-- Opening Marker --

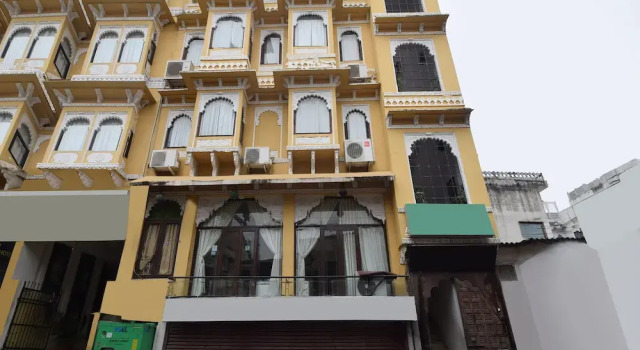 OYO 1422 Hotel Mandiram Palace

-- Closing Marker --
-- Opening Marker --

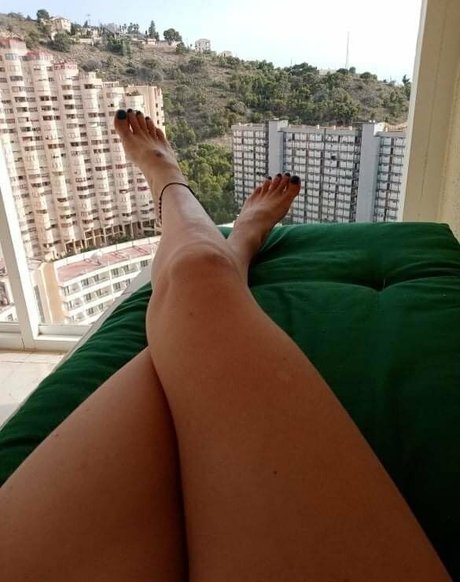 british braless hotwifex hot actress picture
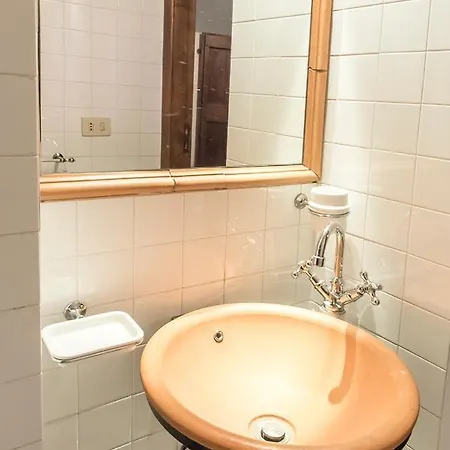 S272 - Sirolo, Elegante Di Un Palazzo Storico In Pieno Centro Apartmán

-- Closing Marker --

» EXERCISE OBJECTIVE
An exact copy is needed of the stretch above that opens with the line containing "british braless hotwifex hot actress picture" and closes with the line containing "S272 - Sirolo, Elegante"; the pictures are not part of it.

» YOUR RESPONSE
 british braless hotwifex hot actress picture
 S272 - Sirolo, Elegante Di Un Palazzo Storico In Pieno Centro Apartmán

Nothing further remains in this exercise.